In Thamel, we explored the shops a little more and stumbled upon a tiny momo shop selling delicious plates of steamed veggie momos for 40 rupees! Bargain – lunch for both of us cost 80 cents!… We chilled out for a while in the same place we’d found on our first day in Thamel, using the wifi and drinking cup after cup of lemon tea. Soothing.
We left Thamel around 4:30pm and planned to go back to Sarah and Sudaman’s home to cook them dinner as a ‘thank you’ for having both of us. As it turns out, we greatly overestimated our ability to find the bus, and underestimated the time it would take to get back to their home… After struggling to find the right micro bus for about an hour, we were about to hail a taxi when we found the right bus and even got a seat! Success! Little did we know that shortly after boarding the 12-seater micro bus (mini van) at 25 rupees a person, we’d be wishing we paid the exorbitant amount for a taxi.
We counted more than 45 bodies at one point inside this tiny van – images of clown after clown climbing out of a mini came to mind, but instead, the reality was lots of Nepalese people pushing and shoving and cramming into and out of the van at every stop. More than once, the driver got out and opened up the back door, shoving more people into the back of the van behind the seats in a space I didn’t know was even possible to stand in. In Nepal, it’s possible.
The sky got dark quickly, the traffic on the roads started to thin out (by Kathmandu standards) and it started to rain. The micro bus, however, didn’t thin out and our legs were soon numb from being so tightly jammed into our seats. I started to worry after we’d been on the bus for more than an hour, and didn’t seem to be anywhere near where we had to be.
Eventually we recognized the area that we had to get off at, and went straight to the nearest convenience store to ask for directions. We ended up calling Sarah from there, buying a heap of drinks, eggs for dinner, biscuits and bread, and walking back to the house feeling terrible we’d run out of time to cook anything spectacular.
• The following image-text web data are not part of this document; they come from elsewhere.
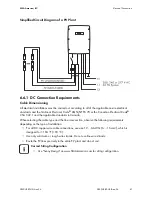 Preview for 47 page of SMA SUNNY BOY 5000-US Installation Manual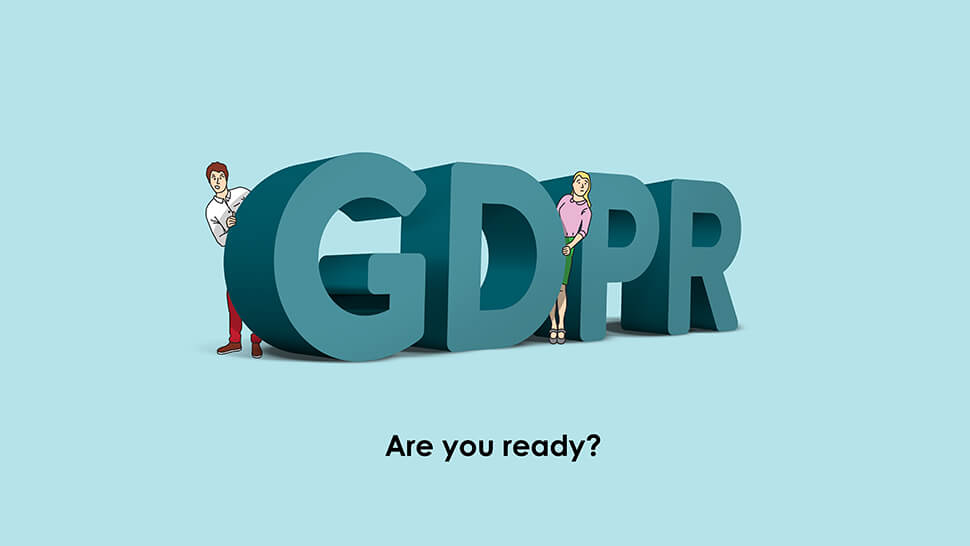 디자인을 통한 프라이버시, GDPR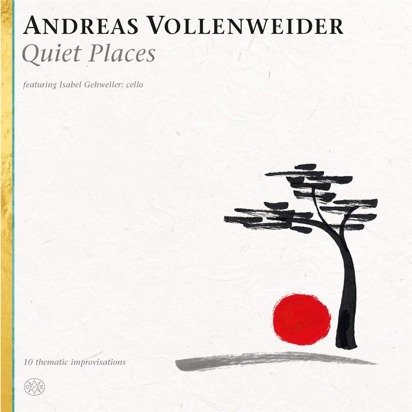 Vollenweider, Andreas "Quiet Places LP"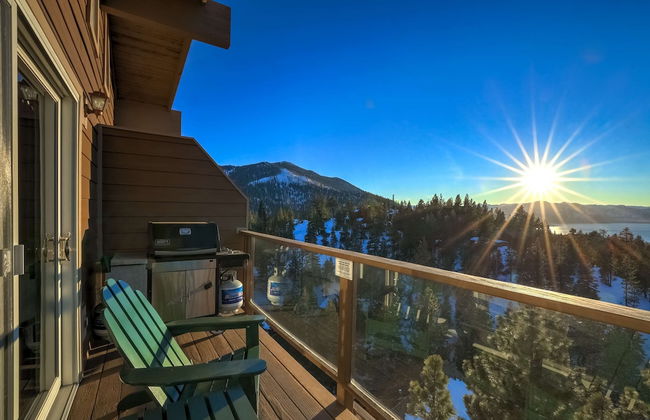 Scenic Escape - Best Views of Lake Tahoe! - Foto 1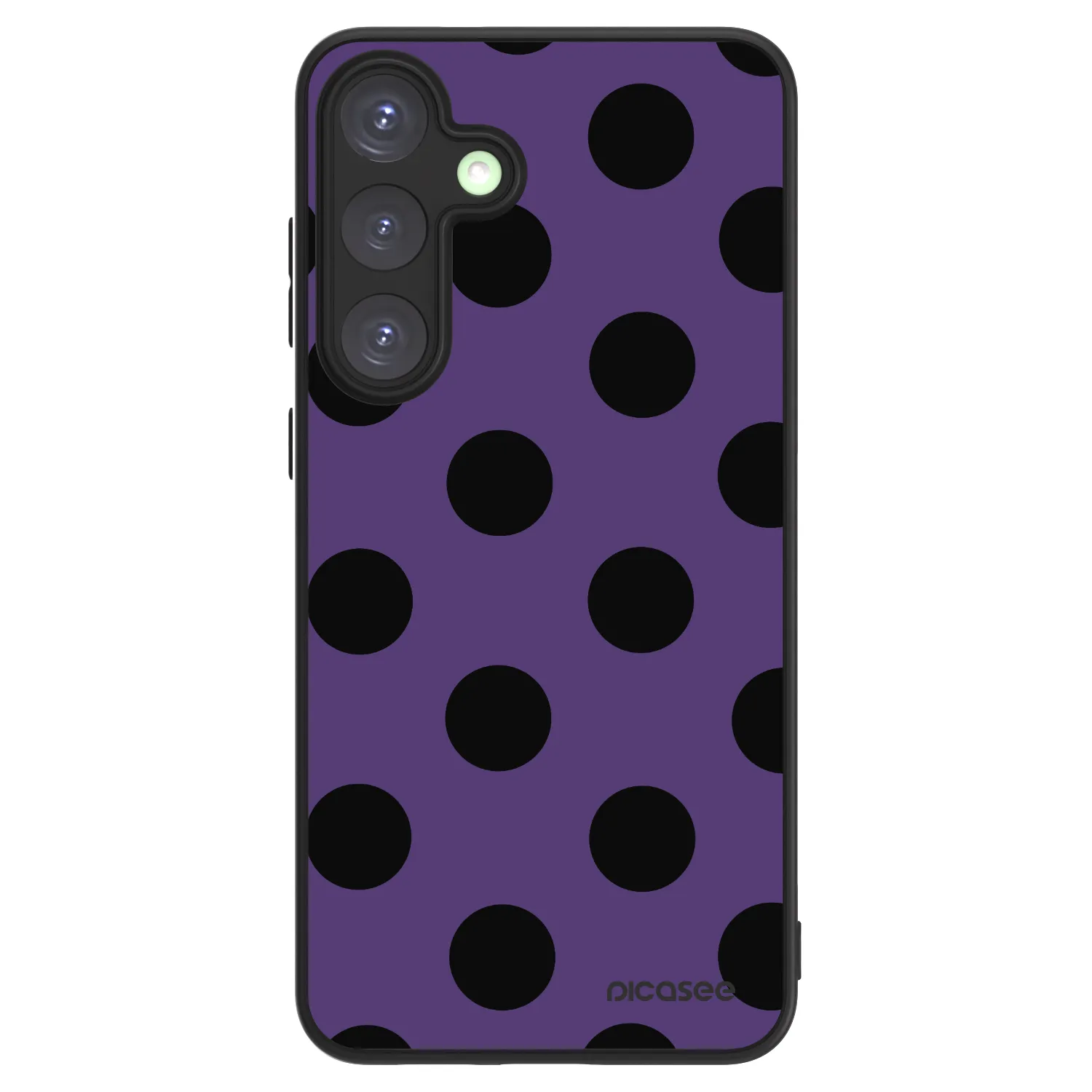 Picasee ULTIMATE CASE pro Samsung Galaxy S25+ 5G - Big flickers 2
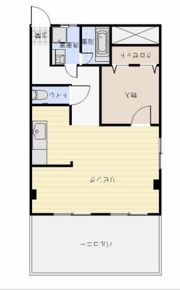 パインリーフ大分の間取り画像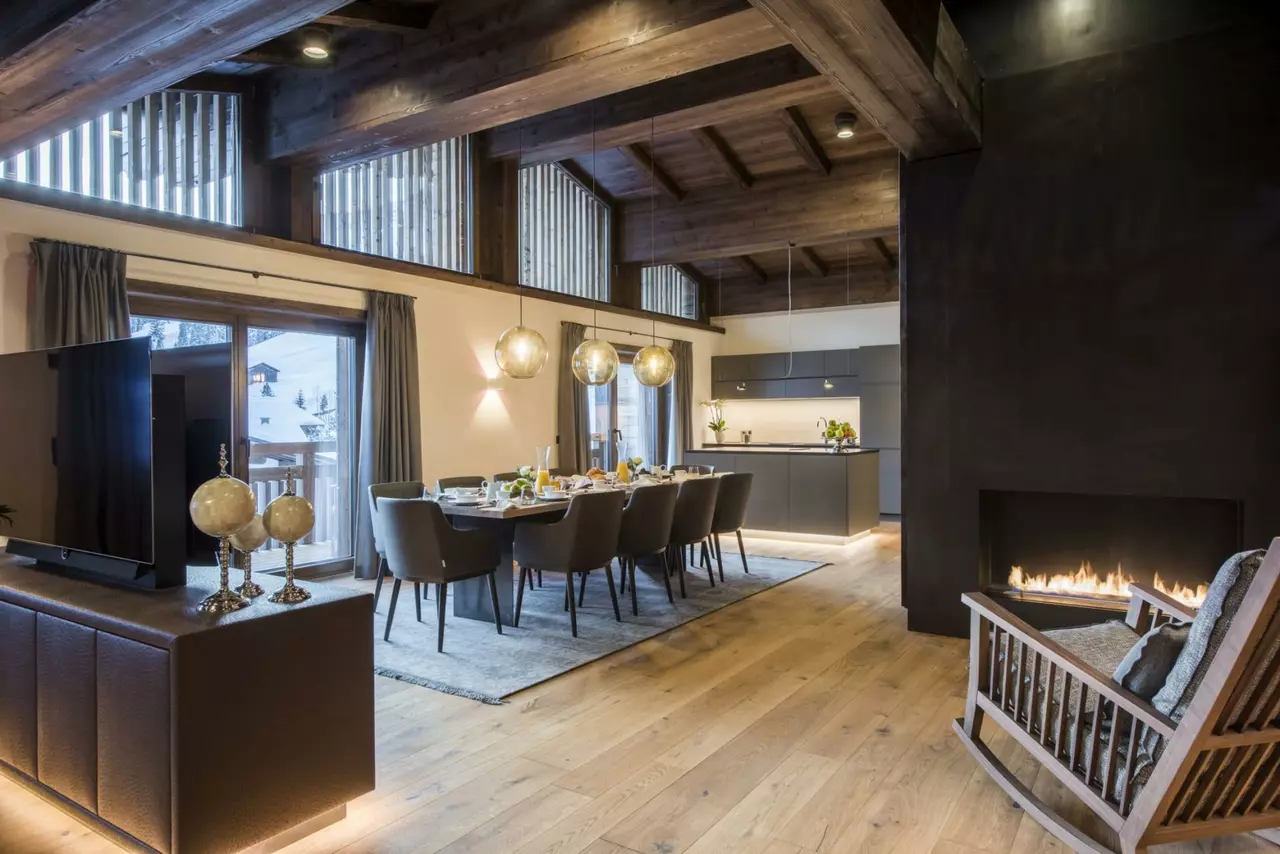 Nidus Penthouse in Lech & Zürs, photo 7 of 24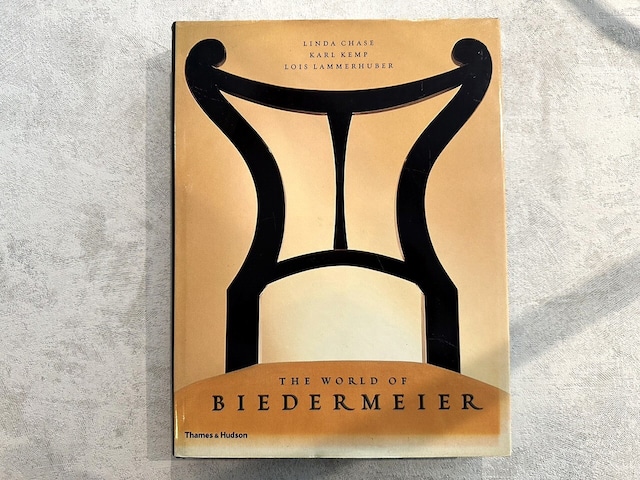 【VI283】The World of Biedermeier /visual book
Sarah was out when we got home – she was meeting a guy from the UK who was interested in teaching in Nepal – but Sudaman and their beautiful puppy were there to greet us. Sarah had bought buffalo mince meat so we were able to cook a spin on “Australian-style Rissoles” (more ‘The Castle’ quotes spring to mind).
Sarah came home, along with Howard, the UK guy, who bought a bottle of South Australian wine and stayed for dinner. The power cut out so the three of us – Jacob, Sarah and myself – cooked in the dark by torch and head-torch light; an experience I enjoyed – we won’t get that anywhere else during our travels! Dinner was great – good conversation and great food; it was an unexpected but enjoyable way to spend our last evening with our couch surfing hosts and our last evening in Nepal, and I went to bed with mixed feelings: happy about how we’ve spent our time here, sad that we have to leave so soon, excited to be going to Japan tomorrow, and both ready and not quite ready to leave this area of the continent. Japan in a way is acting as an unofficial ‘breaker’ in our travels: we have been traveling in Sri Lanka, India and Nepal – prior to Japan, and after, we’ll be in South-East Asia.
We’ve got so much to be excited about, and so much to look forward to. Tomorrow we leave a country, board a plane, fly to another country, board another plane, and touch down in Japan – my ‘spiritual homeland’ as I call it. It’s a new part of our travels, a new part of our journey, a new adventure and a new experience. I’m just so excited.
Nepal has been absolutely wonderful – incredibly beautiful and hospitable – and I am looking forward to coming back here again some day in the not-too-distant future.